Grand Rapids isn’t all drinking, though. The Frederik Meijer Gardens & Sculpture Park features works by Auguste Rodin, Ai Weiwei, and a horse sculpture designed by Leonardo da Vinci (one of two in the world), among gorgeous seasonal gardens. The Grand Rapids Art Museum downtown highlights Michigan artists, and the Gerald Ford Presidential Library and Museum tells the history of the 38th president, who was from Grand Rapids. Spend an hour walking through the Heritage Hill neighborhood, which has pretty homes, including several designed by Frank Lloyd Wright (you’re probably noticing this is a theme in the Midwest), cafes, shops, and a fantastic wine store
Lake Michigan Shore Wine Route: 90 minutes to 3 hours by car
Michigan has been growing grapes since the 1860s, mostly Concord and Niagara grapes used in juice or jelly. In recent years though, the state has made strides in wine production and has won accolades for its rieslings, which rival those in the Finger Lakes in New York or even those in Germany.
Massive Lake Michigan, sometimes referred to as an “inland ocean,” creates a growing climate unique to this part of the world. The Lake Michigan Shore Wine Route features 15 wineries that are part of the Lake Michigan Shore American Viticulture Area, as well as several tasting rooms. Pick a designated driver and head out for a day of wine tasting along the beautiful lakeshore. The wineries are an hour and a half to three hours away, depending on which you visit. Many of the wineries also serve food or are in towns like Saugatuck, with nice restaurants and cute downtown shopping streets. Don’t want to drive? There are plenty of bus tours from Chicago that stop along the route.
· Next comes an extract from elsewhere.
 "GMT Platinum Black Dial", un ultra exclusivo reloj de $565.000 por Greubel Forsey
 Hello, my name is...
St. Joseph and Benton Harbor, MI: 90 minutes by car or 105 minutes by train
Neighboring towns St. Joseph and Benton Harbor can be visited together on a day trip from Chicago. About 1.5 hours from the city, they’re both cute beach towns where you can swim in Lake Michigan, visit historic lighthouses, and more.
In St. Joseph, the Silver Beach Carousel is a must-do family attraction, while in Benton Harbor, adults might prefer a round at the Jack Nicklaus Signature Golf Course. Rent a boat and spend a day between the twin towns on the water, or relax on land at one of seven public beaches. Downtown, there are galleries and souvenir shops, and dozens of restaurants highlighting Michigan’s local fruits and vegetables. St. Joseph is also accessible via the Pere Marquette Amtrak line from Chicago, about an hour and 45-minute ride.
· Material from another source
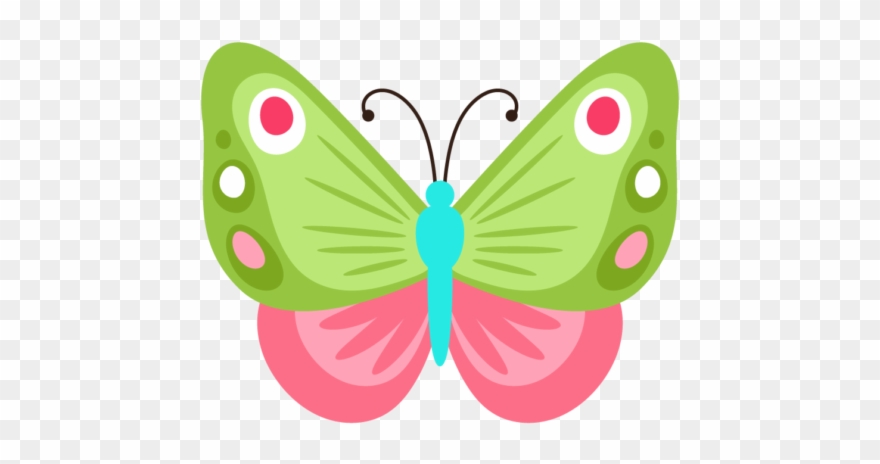 clipart spring butterfly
Starved Rock State Park: 90 minutes by car
This park on the Illinois River is famous for waterfalls, steep sandstone canyons, and wooded trails. It feels a world away from Chicago, even though it’s only about 1.5 hours away.
Grab a map from the visitor’s center and head off onto the trails. There’s something for every level, from flat paths where you can push strollers or wheelchairs to more challenging hikes that include a bit of scrambling up and down rock. In nearby Utica, try sparkling wines made with local varietals at Illinois Sparkling Wine Co. and have lunch at Lodi Tap House.
Indiana Dunes National Park: 45 minutes by car
This peaceful coastline just 45 miles from Chicago was designated a national park in 2019. The main attraction is the huge, shifting sand dunes created by Lake Michigan’s wind and waves, but there are also wooded paths, wetlands, and prairies in the 15,000-acre park. With more than 50 miles of trails, there’s a hike for everyone, from sandy strolls to walks through the woodlands.
Visit during migration season to see hawks, piping plovers, sandhill cranes, and more. Each year on the third weekend in May, the park plays host to a birding festival. You can also rent kayaks, take a horseback tour through the park, or just relax on the sandy beaches.
House on the Rock, WI: 3 hours by car
Truly one of the more bizarre attractions you’ll ever come across, but also the most fascinating, House on the Rock is great for people with kids. It’s located about three hours from Chicago, and like the name suggests, it is a house, or at least a complex of rooms, perched atop Shelter Rock.
Owner Alex Jordan Jr. designed it to look like a Frank Lloyd Wright home, though it is said Wright, whose Taliesin home and studio is just down the road, hated House on the Rock. Inside, see Jordan’s collection of Titanic memorabilia, Venetian masks, dollhouses, mannequin angels, and more. There’s a 200-foot whale model, a reproduction of a Victorian-era street, and the world’s largest carousel. The main attraction is the Infinity Room, a long and narrow glass room that juts 250 feet into the air out from the rock the home sits on. Not for the faint of heart!
Wisconsin Dells: 3 hours by car
It might seem strange that the self-proclaimed “Waterpark Capital of the World” is in a place that’s only warm a few months of the year, but if you make the three-hour drive from Chicago to the Dells, you’ll see that weather is not a deterrent.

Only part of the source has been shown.